Thrusting a hand through his hair, Jem squeezed past Johnny Farrow’s chair. The Twigg boys moved aside to let him through.
‘Where are you off to?’ Stanley asked.
‘Going to look for him,’ Jem said grimly.
Kate felt a ripple of fear at the thought of the bitter cold, the silent woods; the snow that muffled sound and covered things up. She was standing by the door, and without thinking put her hand out to stop him. She wanted to tell him not to go but didn’t know how to without giving herself away.
‘Don’t be daft, lad.’
Gatley, not troubled by appearances nor hampered by a forbidden, ill-advised love, beat her to it. ‘You wouldn’t last five minutes out there in this weather—it closes in fast up here, mark my words. Davy Wells knows this estate like the back of his own hand. Folk might write him off as simple, but he can look out for himself in the woods, no doubt about that. Chances are he’s safely back in the village long since, but if he isn’t—if he is up here—he’ll have found himself somewhere safe, like he has many a time before. Got an animal’s instinct, has Davy.’

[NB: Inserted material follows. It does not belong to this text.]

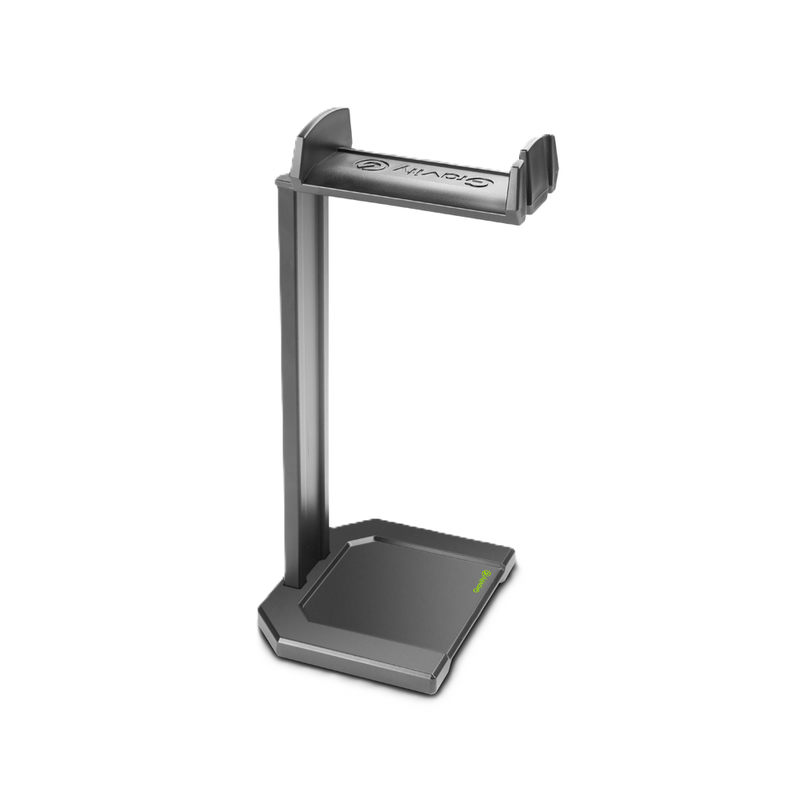 HP HTT 01 B Gravity Headphone Stand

Mrs Gatley gave a grunt of assent. ‘That’s true. We always used to say he was part boy, part fox, that one. Mary could never keep him indoors; even as a little ’un he’d let himself out at night and wander. He knows this park better than anyone, so wherever he is, I reckon he’ll be all right. Which is more than could be said for you, Jem Arden, if you go out there looking for him.’
Kate realised that her hand was still on Jem’s arm. She withdrew it, but not before she’d noticed Eliza looking at her from the other side of the table, her jaw set hard and her eyes flinty in the glow of the lamp. Beside her, Susan shrugged her shoulders in an exaggerated shiver.

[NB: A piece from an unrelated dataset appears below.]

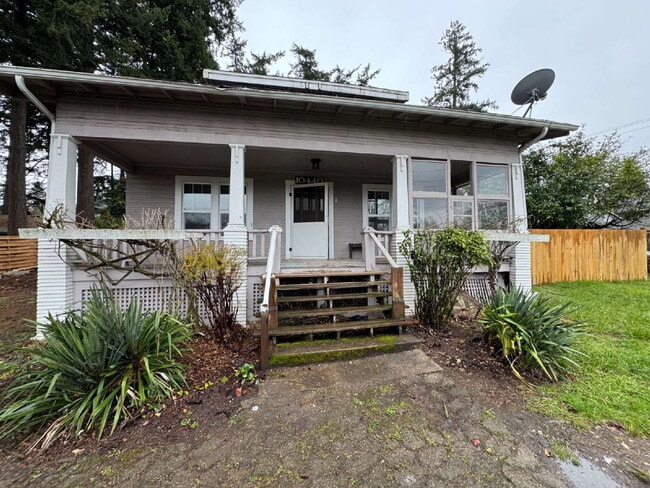 Building Photo - 3 Bedroom Home in SW Portland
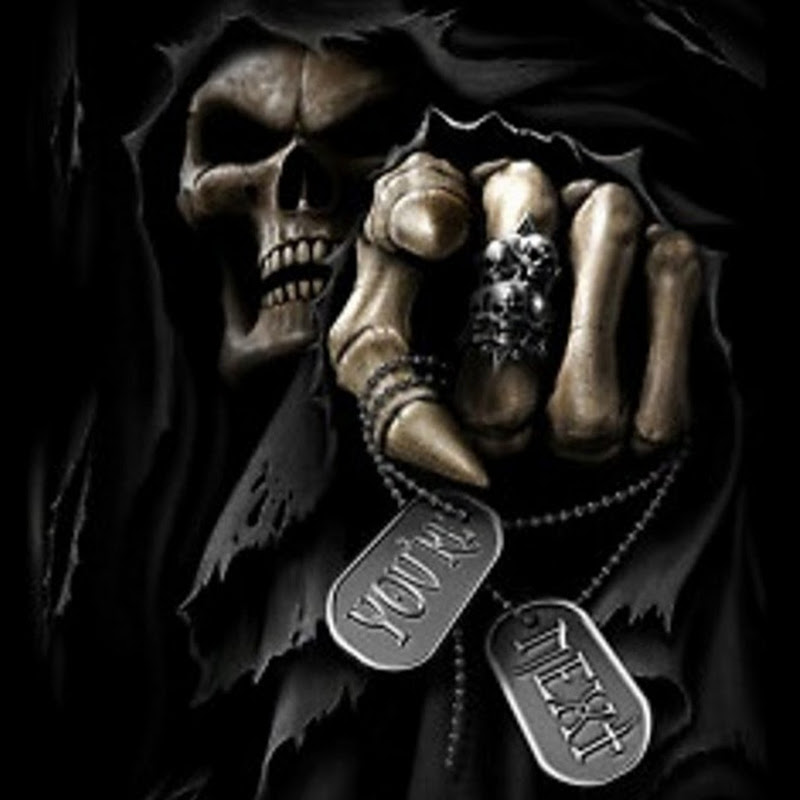 TheReaper73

‘You’ll be like poor Samuel, wandering the Coldwell woods for all eternity. Or the souls of the lost travellers on the road to Hatherford, with the coachman whipping his ghostly horses…’
Eliza gave a snort of disdain and rolled her eyes. Kate was suddenly struck by how much she’d changed these past few months. She’d always had a cynical streak, but it had been tempered with a quickness of wit and sweetened with a sense of fun. Now, above the shawl she was permanently huddled into, her face looked puffy and sallow. Sour. Kate wondered what had taken the bloom off her. Or who.
‘You can sneer all you like, Eliza Simmons, but it’s true,’ Susan retorted, craning forward to look down the table. ‘Johnny Farrow’s seen them—haven’t you, Johnny? Tell the story.’